5. It is now argued for the defendant-appellants that, even if the lower appellate Court is correct in holding that the land is not an agricultural holding and therefore the reference by the Munsiff under Section 202 was incorrect, still as that section directs the defendants to bring a suit in the revenue Court, such a suit is binding on the parties in the civil Court. The learned counsel stated that if his clients, the present defendant appellants, had instituted a suit for a declaration, under Section 95, Act 2 of 1901, such a suit, if decided before proceedings in the civil Court, would be binding on the parties and that it would not be open to the unsuccessful party to ask for a decision of the civil Court, that the decision of the revenue Court under Section 95 was incorrect on the ground that the land was a grove and not an agricultural holding. But, as pointed out by the learned counsel for the respondent, there is a difference in the procedure under Section 202. When the Munsiff passed the order under Section 202, the plaintiff did not have an opportunity of putting forward the plea in the revenue Court that the revenue Court had no jurisdiction to entertain the suit, and accordingly he did not put forward any such plea. If he had put forward such a plea, the revenue Court would have refused to entertain it, because there was the order of the civil Court under 8. 202, Tenancy Act, directing the defendants to file a suit in the revenue Court and that order not having been set aside then was binding on the parties.

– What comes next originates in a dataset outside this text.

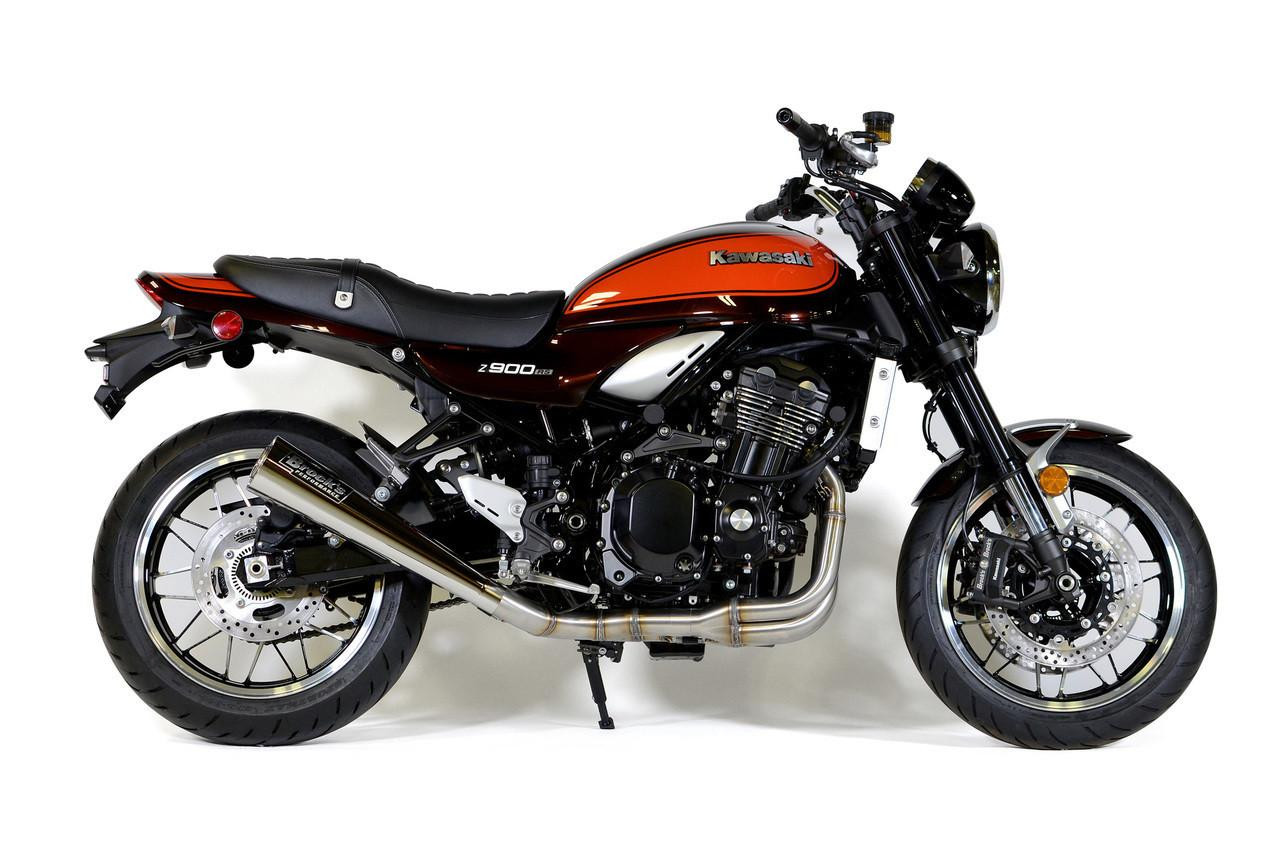 Brocks Performance Brocks StreetMeg Full Exhaust System 20" Muffler Kawasaki Z900RS (18-25) bike, black and orange motorcycle with a full exhaust system and 20-inch muffler.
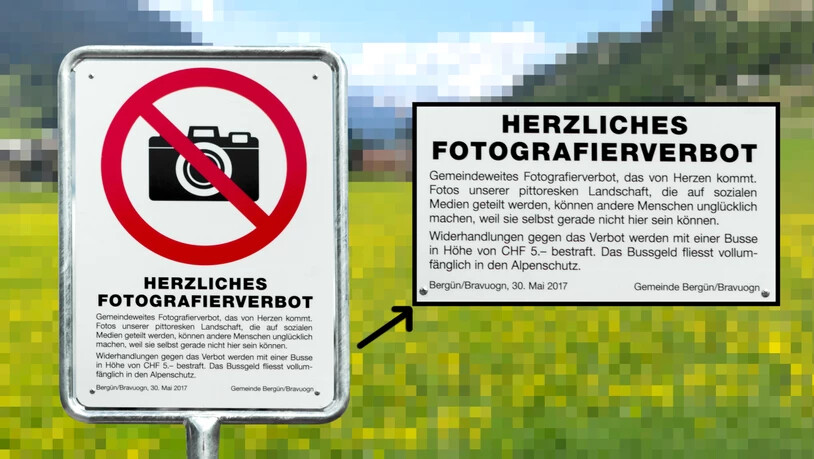 Das "herzliche Fotografier-Verbot" der Gemeinde Bergün: Ob es etwas gebracht hat, weiss die Tourismusabteilung nicht zu sagen.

6. Accordingly we consider that this circumstance makes a distinction between a suit brought in consequence of an order under Section 202 and an independent suit brought under Section 95. It is for this reason that we consider that it was open to the plaintiff to raise the question before the lower appellate Court as to whether the Munsiff was correct in making a reference to the revenue Court; and when the lower appellate Court came to the finding that the Munsiff was not entitled to make such a reference, then the lower appellate Court was not bound by Section 202(2) and need not dispose of the suit in accordance with the final decision of the revenue Court. We may refer to a somewhat similar case reported in Dhandei Kuar v. Chotu Lal A.I.R. 1922 All. 442. This was a first appeal to this Court from a decision by a Subordinate Judge in which the plaintiff had sued for possession of a number of villages, a market, groves and several houses. The defendant applied before the Subordinate Judge for a reference to the revenue Court under Section 202, Agra Tenancy Act, as he alleged that he was the tenant of the property in dispute. The Subordinate Judge made an order directing the defendant to institute a suit in the revenue Court for establishment of his right and decided the suit in accordance with what he considered to be the decision of the revenue Court. This Court in first appeal held that the Subordinate Judge was wrong in making a reference under Section 202, Agra Tenancy Act, and accordingly held that the decision of the revenue Court was rot binding on the civil Court. The matter had also been considered in a previous case between the same parties, reported in 39 All. 254.
7. Accordingly we consider that the lower appellate Court was entitled to grant the decree to the plaintiff, and we dismiss this second appeal with costs.